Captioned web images
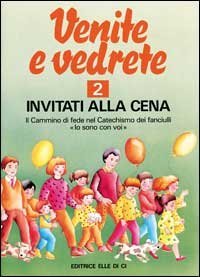 Venite e vedrete. Albo attivo per il catechismo dei fanciulli &laquo;Io sono con voi&raquo;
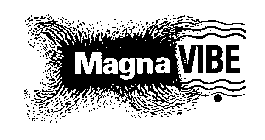 MAGNA VIBE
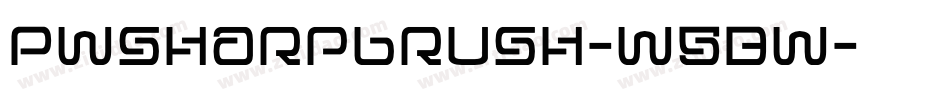 Pwsharpbrush-w5Bw字体转换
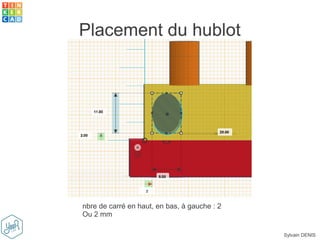 Sylvain DENIS
Placement du hublot
nbre de carré en haut, en bas, à gauche : 2
Ou 2 mm
 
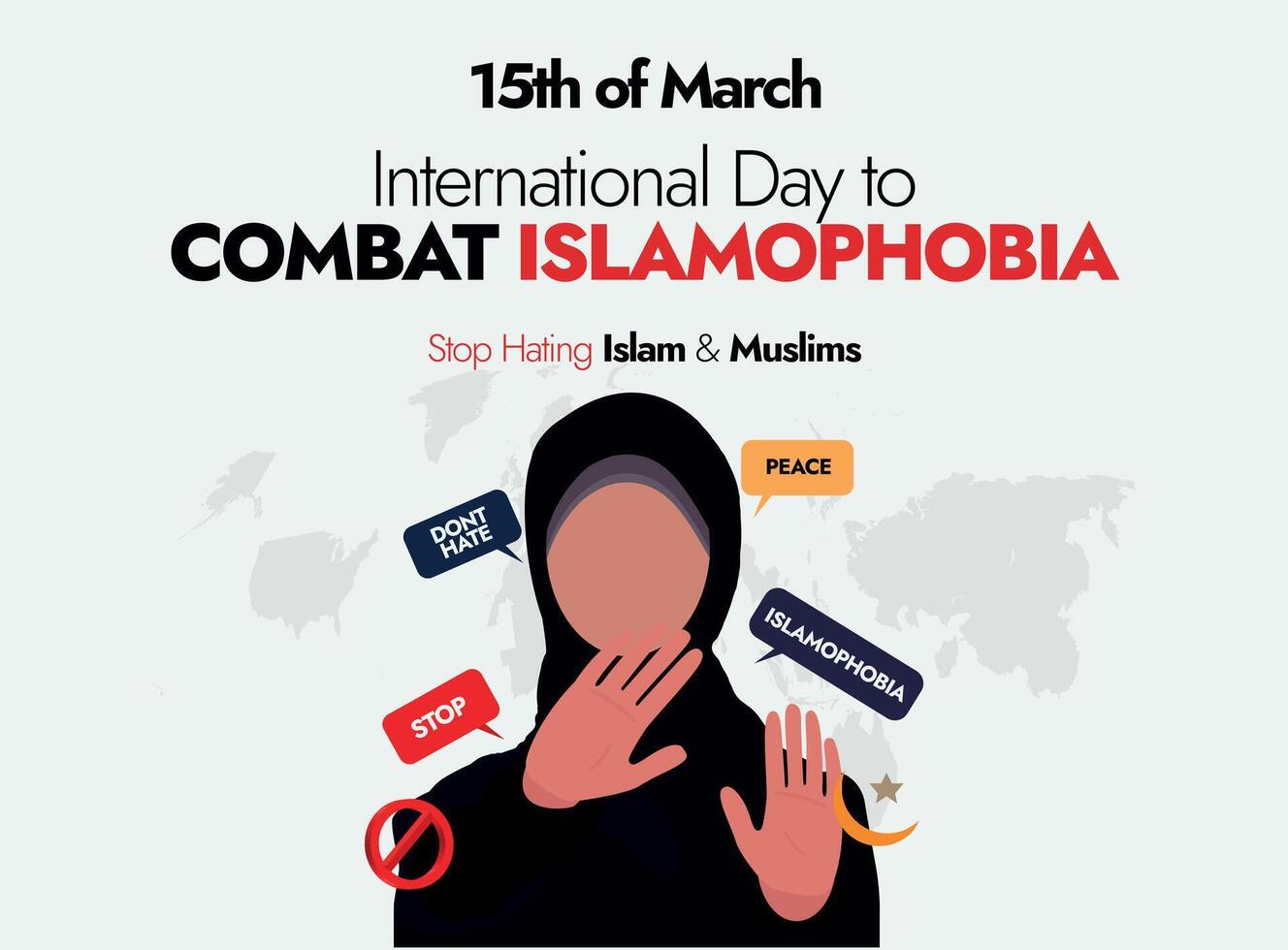 International Tag zu Kampf Islamophobie. 15 Marsch, International Tag zu Kampf Islamophobie Banner mit ein Muslim Mädchen tragen Kopftuch, tun halt Zeichen mit Hände. Rede Luftblasen von stoppen, Islamophobie. vektor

### What is needed
Starting at the line where "Placement du hublot" appears, restate every line through the end of the records above exactly, but omit the pictures.

### Exercise answer
Placement du hublot
nbre de carré en haut, en bas, à gauche : 2
Ou 2 mm
 
 International Tag zu Kampf Islamophobie. 15 Marsch, International Tag zu Kampf Islamophobie Banner mit ein Muslim Mädchen tragen Kopftuch, tun halt Zeichen mit Hände. Rede Luftblasen von stoppen, Islamophobie. vektor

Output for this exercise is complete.